Wednesday, January 16, 2013

Hurling Objects

     Last night, before reading Fox in Socks, I said to Clara, "Can I tell you something?"
     "Yes," she quickly replied.  Anything to hurry along the evidently meaningful conversation coming.  To wipe that steady, overbearing gaze off my face and get me to read about Mr.
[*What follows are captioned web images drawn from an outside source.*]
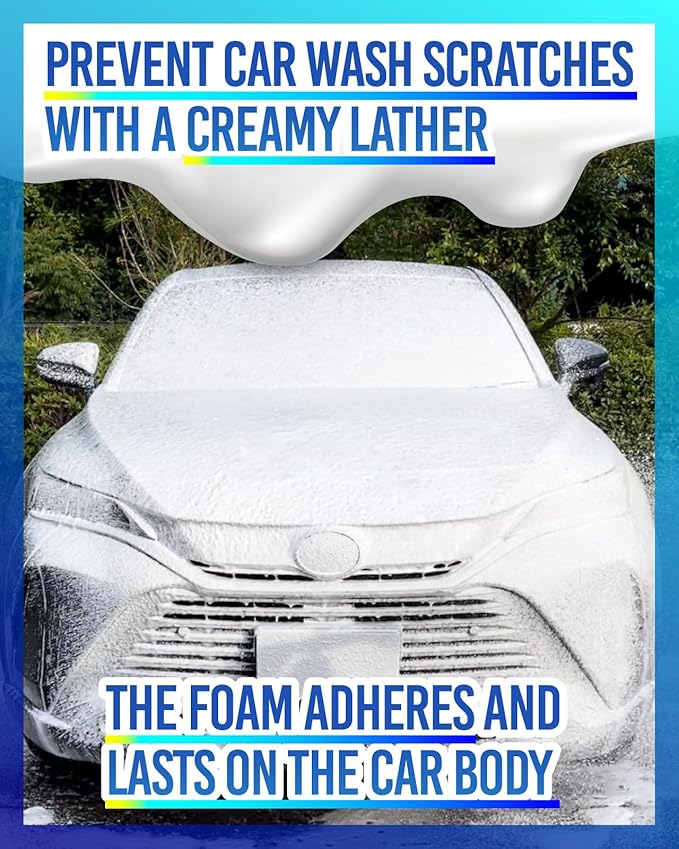 MJJC Foam (20 fl oz) Ultimate Snow Foam Car Wash Soap Specialized Car Shampoo for Foam Cannon and Pressure Washer, Safe for Cars (pH Neutral, 10x Concentrated) (Refreshing cider aroma)
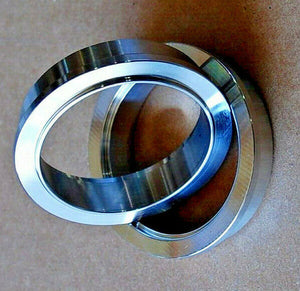 3" 3.0 STAINLESS STEEL FLANGES INTERLOCKING PAIR V Band Kit V-band vband 3IN SS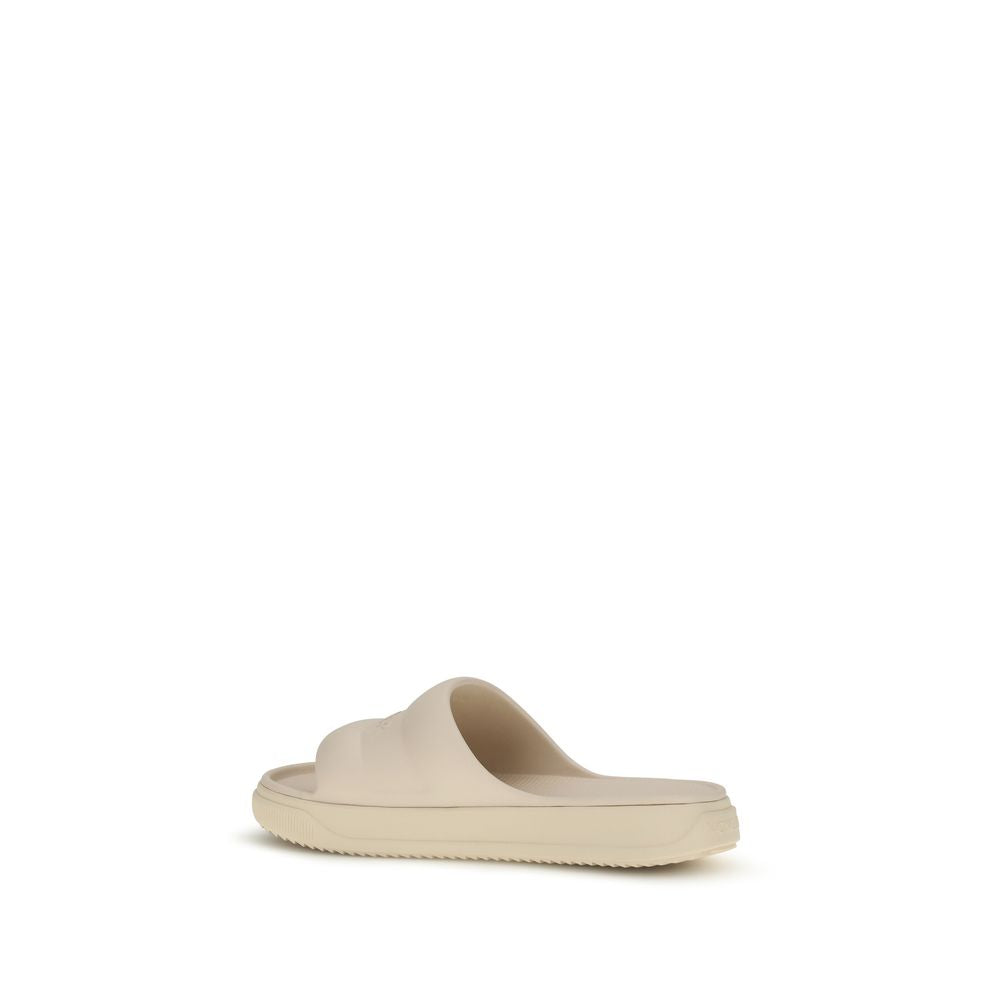 Moncler Beige Rubber Sandals Moncler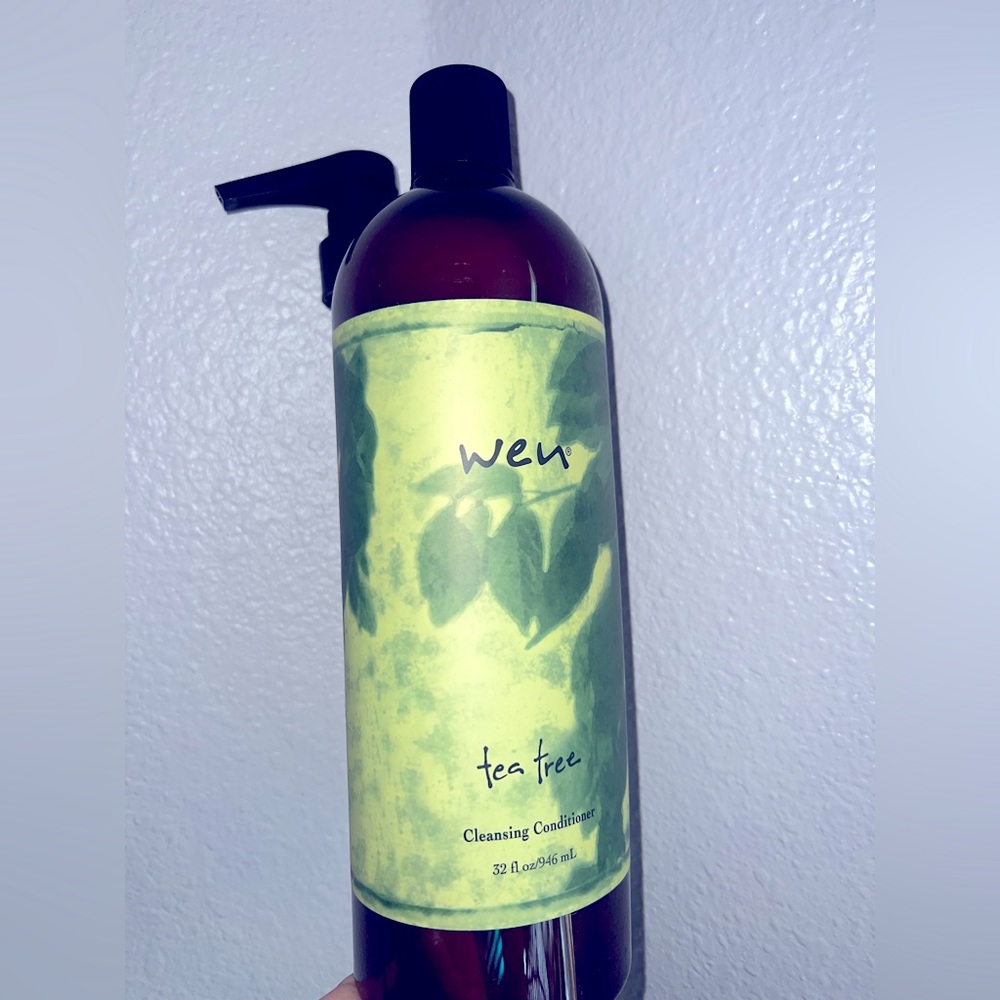 🖤 WEN Tea Tree Cleansing Conditioner & Pump 32oz NEW! Sealed.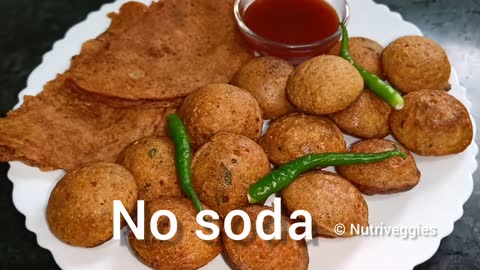 Rice Appe delicious sauth Indian food recipe/chawal ka appam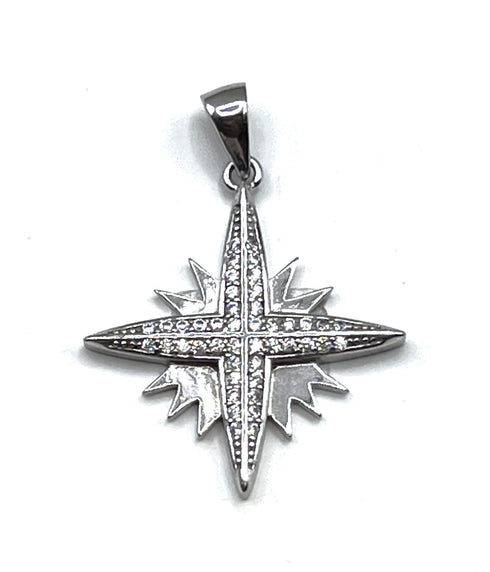 Sterling Silver Star Of Bethlehem Pendant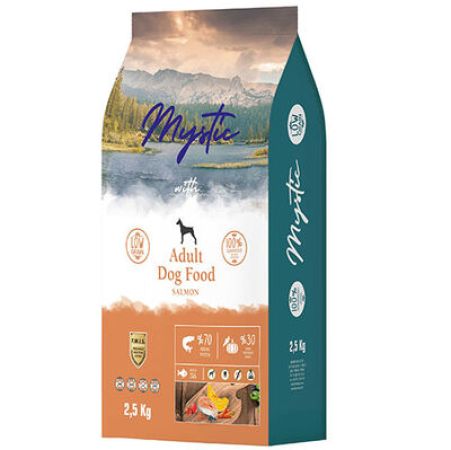Mystic Düşük Tahıllı Somonlu Köpek Maması 2,5 Kg + 2 Adet Mystic 400 Gr Konserve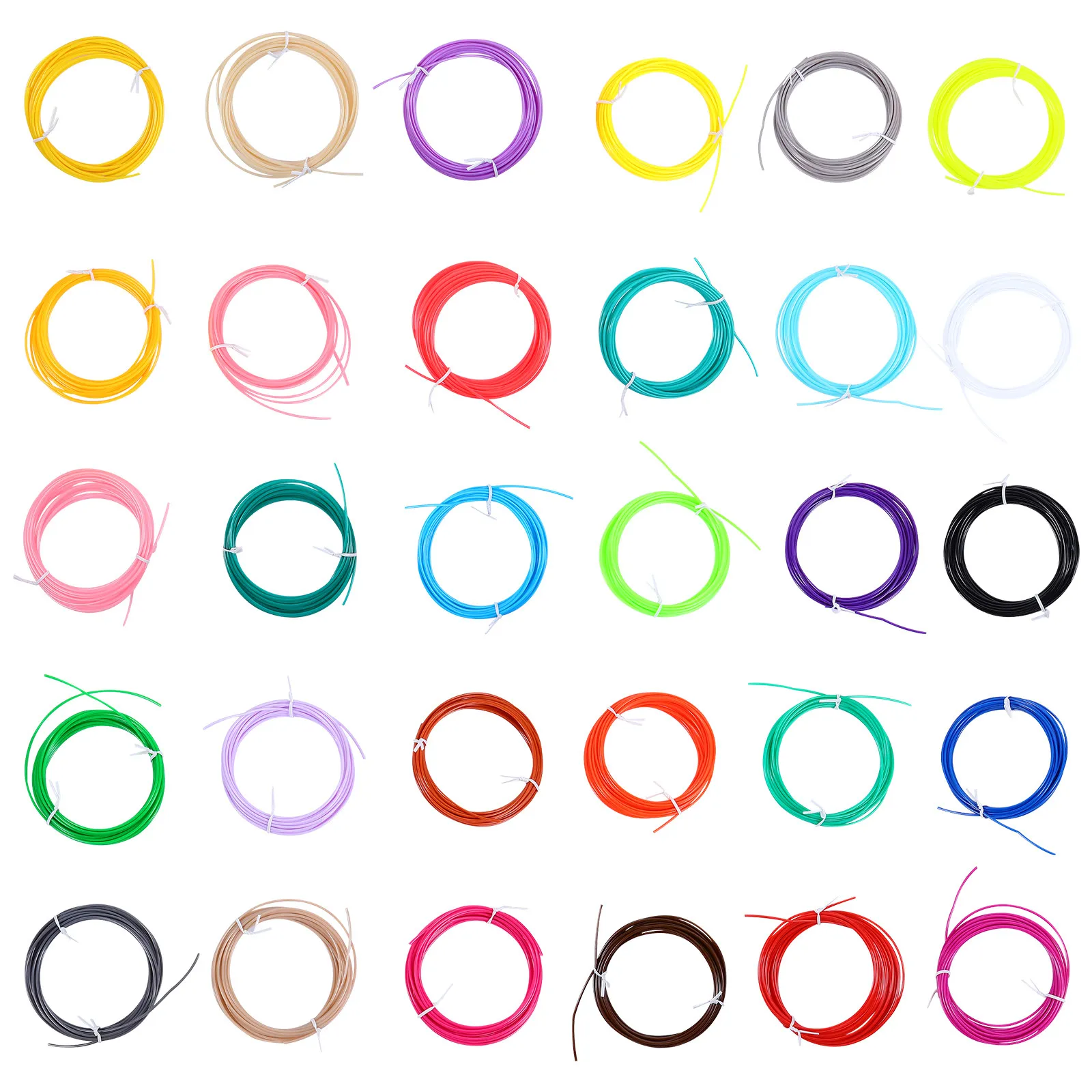 30Pcs 3D Printing Filament Pla 30 Colors 5m Length Universal Compatible 3D Pen Filament Refills for Smooth Printing Supplies
30Pcs 3D Printing Filament Pla 30 Colors 5m Length Universal Compatible 3D Pen Filament Refills for Smooth Printing Supplies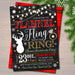EDITABLE Flannel Fling Before The Ring Bachelorette Party Invite, Flannel and Frost Xmas Party Invitation, Digial Plaid Christmas Party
Knox Sir.
     "Tonight Mommy is going to give you one set of huggies, and then Daddy will give you one set of huggies, okay?"  Lord, Child, the night is half gone by the time we usually make it out of your room, I silently added.
     "Yes," Clara replied.
     "Can you look at me and say, 'Okay, Mom?'"
     "O-Tay, Mom." (Flipping through the first few pages of Fox in Socks with a plump toddler digit).
     "And then Mom will put your blankets on and stroke your hair one time, and Dad will stroke your hair one time.  And then we will give you kisses one time before we shut off the lights and close the door, okay?  Can you say, 'Okay, Mom'?" Last night I fell asleep and started drooling on your crib railing while stroking your hair for the twentieth time.  
    "O-Tay, Mom," Clara said, glancing up and grinning.  I suddenly found myself faintly unbearable, a pedantic teacher curbing free will and extracting false promises.  Maybe it would work, though.     
     We finished the book.  I maneuvered her Dora the Explorer toothbrush around her teeth while she hindered my progress by attempting to suck all the Thomas the Train toothpaste off the toothbrush's bristles. 
     We put her in her crib and covered her with all thirteen of her blankets, a procedure she has lately insisted upon and that usually turns her into a little sweat-ball. 
     "Are you sure you want all these blankets?" I asked.
     "Yes," she said firmly.
     I stroked her hair once and gave her one set of kisses.  As I straightened to leave, she said, urgently, "One more strokes, awright?"
     "Hey, we said one, remember!  You agreed," I pointed out.
     "Yes. Just one more strokes peese.  Just one more.  Awright.  Thanku."  Her tone, professional and crisp, both anticipated and curtailed any protests. She was an executive skilled at pulling extra work from slacker employees.
     "Alright, but this is the last one," I said.
     Ten minutes later, after several protracted rounds of hair-stroking and kiss-blowing, I finally gave up and left, turning off the light behind me.  
     I caught a glimpse of her just before I softly closed the door.  Her face was suffused with rage. Her fists clenched the top rail of her crib as her remarkably athletic toddler thighs pumped up and down.  (When she grows a little older, she will realize that she can easily catapult herself over the rail, a high jumper in a pink, Cinderella-embellished Pull-up.)  
     Simon and I sat on the couch downstairs awhile and listened.  
    THUNK! came from her room, syncopated with a shriek.
    I raised my eyebrows at Simon.
   "Her sippy cup," he said.
   "Ah, yes.  Probably hit the dresser on its downward trajectory."
   CA-LUNK, LUNK, LUNK.
   "Books, maybe?" Simon said.
   "How?"
   "I don't know.  Maybe she can reach the bookshelf beside her crib."
   A few minutes passed.  Her screams had lessened in intensity, and I could hear thick dregs of exhaustion in her voice, yet she refused to sleep.  When I finally went back into her room, I could see why.  She had hurled all her blankets and pillow onto the floor and stood shivering in her thin jammies in the corner of her crib.
    She lay wordlessly down and I put all her blankets back on, one by one.  Her curly head looked extra small protruding from the mountain of covers.  Her enormous eyes searched my face as I murmured comfort. She pointed in mute misery to her hair.  
    "Strokes," she finally muttered.  I stroked her hair.
    She pointed to her mouth.  I gave her some more kisses.
    It turned out to be a mercifully short hair-stroking and kiss-blowing session.  Yet even still I found myself lingering, tucking tear-soaked curls behind her ears and rubbing her back.  Her eyes drowsed. 
     "Yeave, Mommy," she finally whispered.
     I left her room, and the night was at last silent.

1 comment:

  1. Ah! This is a moment you will see again... and again. Though she will fight it.. throwing her belongings, yelling, and exhausting herself only to wish the moment would not come, She knew in the end that she had to concede. The “Yeave Mommy” was her acknowledgement of the agreement but she was not happy with it...Seems a perfect life lesson (practice) to me, for tomorrow you will be there supporting and loving her in ways she doesn’t even know exists! Till Much later.